それに王子とやらと一緒にいれば、小賢しい婚約者の小言を聞かずに済みそうだ…なんてな。


で、その王子様とは、気が付けば仲良くなっていた。

割に気が合うというか、似たような環境で育ったのかも知れない。

それでも大きく違う所がある。

それは婚約者だ。こっちは小言の多い婚約者で、あっちは控えめな婚約者。

まぁ、王子様は真面目そうなんで、丁度良いのかな?

窮屈そうなカップルだな…それでも国の行方を考えると、これはこれで安心だな…なんて他人事のように思っていた。

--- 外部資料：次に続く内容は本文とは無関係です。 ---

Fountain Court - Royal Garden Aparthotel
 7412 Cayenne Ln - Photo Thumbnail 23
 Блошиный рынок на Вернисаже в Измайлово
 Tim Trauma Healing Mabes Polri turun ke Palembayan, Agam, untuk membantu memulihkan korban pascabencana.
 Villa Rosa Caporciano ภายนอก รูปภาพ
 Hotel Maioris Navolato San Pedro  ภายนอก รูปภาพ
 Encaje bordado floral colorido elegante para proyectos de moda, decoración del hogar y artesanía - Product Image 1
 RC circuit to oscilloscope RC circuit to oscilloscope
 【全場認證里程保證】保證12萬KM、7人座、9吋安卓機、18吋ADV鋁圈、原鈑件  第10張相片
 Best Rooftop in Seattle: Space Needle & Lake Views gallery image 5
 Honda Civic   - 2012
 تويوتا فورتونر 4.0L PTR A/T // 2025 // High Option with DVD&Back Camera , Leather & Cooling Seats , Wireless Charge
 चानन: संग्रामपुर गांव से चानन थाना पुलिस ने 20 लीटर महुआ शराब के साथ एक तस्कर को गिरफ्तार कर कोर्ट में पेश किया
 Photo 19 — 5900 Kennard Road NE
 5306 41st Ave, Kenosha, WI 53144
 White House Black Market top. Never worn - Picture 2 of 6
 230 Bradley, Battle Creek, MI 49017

そんなある日、自分の婚約者が言い寄られているのを見た。

相手はだれぞ?と言えば、将軍様のご子息だ。

侯爵家の次男で騎士。

真面目な爽やかイケメンとの噂の、女子の間で人気のあいつか…と。


まぁ、実は俺も割とモテるんだぞ。

顔は整っている方だし、辺境の血筋のせいか恵まれた体格だし、頭も良い。

だけど婚約者が圧倒的美人なんで、俺の傍に女は寄ってこない。

そもそも騒がしい女性は好きでは無いから、そのあたりの婚約者様のけん制は助かってはいるが。

とは言え、結局俺はアビーが一番かもな。


さて、話は逸れたが、今は婚約者様だ。

この場はどうしたものか?と考えていたら、彼女と目が合った。

目が合うなりホッとした表情に変わった婚約者を見た俺は、はぁと一息ついて彼女の方へと歩み寄った。


「失礼、彼女が何か?」

「貴方は…?」

「失礼しました。ウォール地方の領主が嫡男、エッジ・ウォールです。ダナン殿、我が婚約者に何か御用ですか?」

「あっ、ウォ…いや…その。すみません。失礼します」


少しばかり睨みつけると、ダナンは慌てて離れて行った。

何が爽やかイケメンだ。あいつ、人の顔も覚えないただの脳筋だろ。


「来るのが遅いっ!」


あいつバカだなーなんて思いながらバカダナンを見ていたら婚約者様に怒られた。

やれやれ。

仕方が無いので彼女の方へ目を向ければ、うっすらと涙を浮かべてプルプルと震えているのが見えた。

ははぁ、こいつもバカだな…。

怖いんだったら、さっさと逃げれば良いのに…。


なんて考えていたら、婚約者様が急に抱き着いて来やがった。

おっ!たまには可愛い事もするんだな…。

まんざらでもない気分に浸っていたら、思いっきり足を踏んできやがった。


「っつ!痛てぇ!なんだよ!」

「バカエッジ!、さっさと助けに来なさいよ!」


さっきまで小さく震えてたくせに、今は怒りでフーフー言ってらぁ。

はぁ…だから小言の多い女は面倒で嫌なんだ。

そういう所だぞ。

って言っても分からないだろうなぁ、我が婚約者様は。



叱られた…じゃなくて、あいつが怒るので、近頃は、婚約者様の様子を注意して見るようになった。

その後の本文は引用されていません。